A
gamificação do ódio no submundo das redes
As mais
de 2 milhões de pessoas que assistiram ao show gratuito de Lady Gaga na praia
de Copacabana, no sábado passado (03/05), não podiam imaginar que quase viveram
uma tragédia motivada pelo ódio. Enquanto o mar de gente batia leques em
sincronia com os sucessos da cantora, em uma celebração de diversidade e
empatia, a Polícia Civil do Rio de Janeiro impedia um ataque com coquetéis
molotov e bombas improvisadas.
Tratava-se
de um atentado organizado por jovens usuários de plataformas digitais como o
Discord, que mirava o público LGBTQIA+ e crianças.
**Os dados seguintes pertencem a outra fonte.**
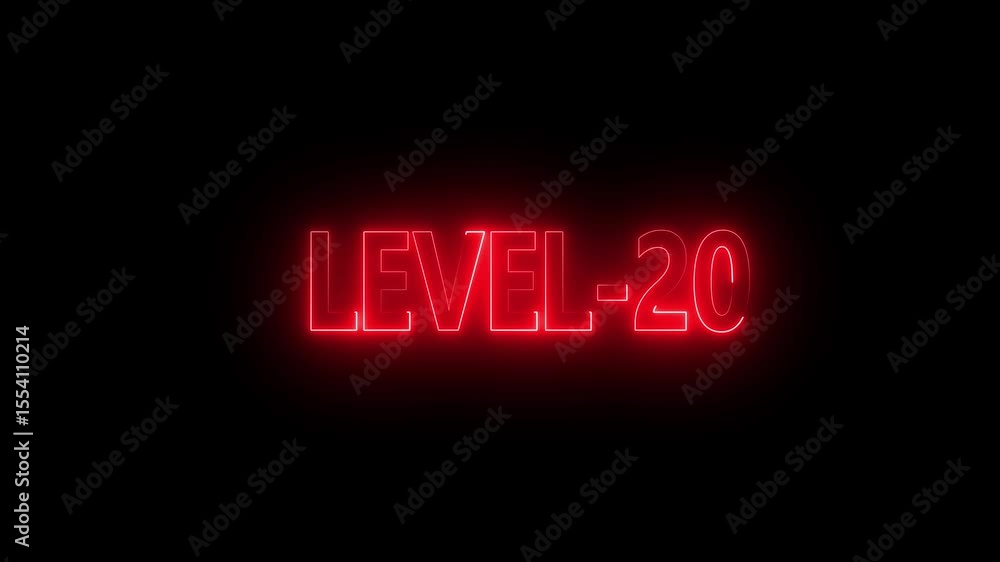 Poster glowing level-20 text with glitch effects animation. game concept next level icon isolated . black b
Chamavam o plano de “desafio
coletivo”, em busca de notoriedade online. O episódio, que poderia ter
terminado em luto nacional, é um alerta urgente sobre o crescimento de redes de
ódio entre os mais jovens — e sobre como as plataformas, de forma
irresponsável, fomentam essa radicalização.
Há algo
de profundamente geracional nesse fenômeno. A série Adolescência, da Netflix,
bateu recorde de espectadores ao retratar com crueza como jovens vivem em
ambientes hiperconectados, com ausência do Estado e de supervisão parental e
permeados por bullying, masculinidade tóxica e normalização da violência. É um
espelho não só do que acontece no Brasil, mas também no mundo afora. Dados do
Gallup mostram que estamos diante de uma ruptura ideológica entre jovens homens
e mulheres da Geração Z.
Nos
Estados Unidos de Donald Trump, mulheres de 18 a 30 anos são hoje 30 pontos
percentuais mais liberais que seus pares masculinos. Na Alemanha, onde uma
aliança de direita saiu vitoriosa em eleições recentes e o partido de
extrema-direita AfD está crescendo a uma taxa alarmante, a diferença também é
de 30 pontos. Na Polônia, embora a extrema direita tenha deixado o poder no fim
de 2023 depois de 8 anos, quase metade dos homens entre 18 e 21 anos apoia
partidos dessa orientação política, contra apenas um sexto das mulheres da
mesma faixa etária.
Misoginia,
racismo e transfobia
Tal
polarização entre jovens se dá justamente num momento em que redes como o
Discord, TikTok e Reddit se tornaram espaços formativos de identidade. Em vez
de promoverem diversidade, no entanto, muitas dessas plataformas funcionam como
máquinas de produção e circulação de ódio. O estudo “Mapping Discord’s
Darkside”, publicado na New Media & Society, revela que, apesar dos
esforços de marketing para se distanciar da extrema-direita, o Discord abriga
milhares de servidores associados a discursos neonazistas, misóginos, racistas,
transfóbicos e conspiratórios. Foram identificados 2.741 servidores com essas
características — com mais de 850 mil membros ativos.
Essas
redes acabam funcionando como espaços de aliciamento, em que jovens,
principalmente meninos, são atraídos por memes ousados (“edgy”), promessas de
pertencimento e jogos de identidade baseados na exclusão do outro. A estrutura
do Discord, que valoriza a privacidade e descentralização, se tornou o terreno
fértil ideal para o surgimento dessas “tecnoculturas tóxicas”, como define a
pesquisadora Adrienne Massanari. Plataformas como Disboard — um motor de busca
informal para servidores de Discord — são utilizadas para recrutar adolescentes
para comunidades que glorificam o nazismo, estimulam o ódio a mulheres e
LGBTQIA+, e até oferecem “serviços” de ataques coordenados a outros servidores.
Parte
do sucesso desses ambientes de radicalização se deve à gamificação — o uso de
elementos típicos de jogos, como desafios, recompensas e rankings, em contextos
que não são jogos. Aplicada a redes sociais e fóruns extremistas, a gamificação
transforma o engajamento em competição e o discurso de ódio em desafio lúdico.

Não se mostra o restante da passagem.